[EXERCISE DATA — start]
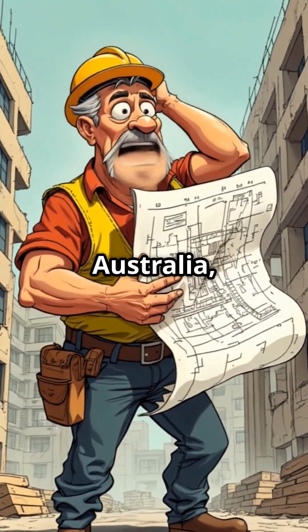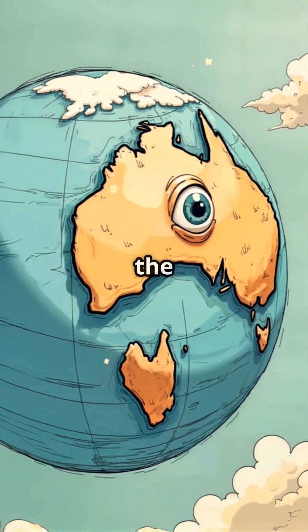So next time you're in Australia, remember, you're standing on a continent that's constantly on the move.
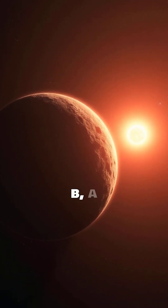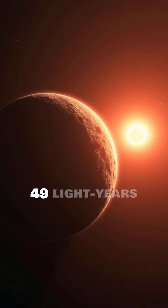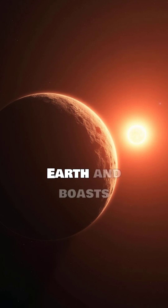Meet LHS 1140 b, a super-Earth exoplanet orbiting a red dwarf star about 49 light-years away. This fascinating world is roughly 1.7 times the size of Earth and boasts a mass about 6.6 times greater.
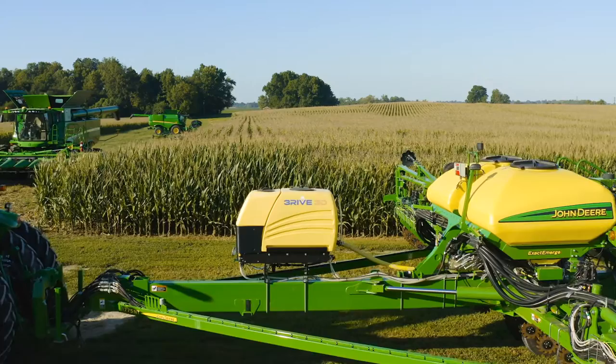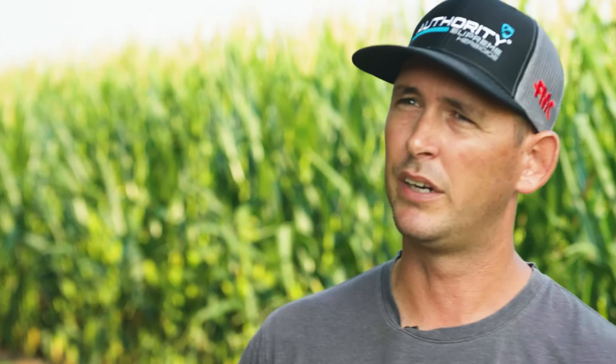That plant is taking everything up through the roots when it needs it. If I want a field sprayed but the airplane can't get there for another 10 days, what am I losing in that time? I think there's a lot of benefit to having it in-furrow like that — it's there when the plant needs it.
[EXERCISE DATA — finish]
* [TASK STATEMENT]
Copy the listing exactly. Leave the pictures out.

* [TASK SOLUTION]
So next time you're in Australia, remember, you're standing on a continent that's constantly on the move.
Meet LHS 1140 b, a super-Earth exoplanet orbiting a red dwarf star about 49 light-years away. This fascinating world is roughly 1.7 times the size of Earth and boasts a mass about 6.6 times greater.
That plant is taking everything up through the roots when it needs it. If I want a field sprayed but the airplane can't get there for another 10 days, what am I losing in that time? I think there's a lot of benefit to having it in-furrow like that — it's there when the plant needs it.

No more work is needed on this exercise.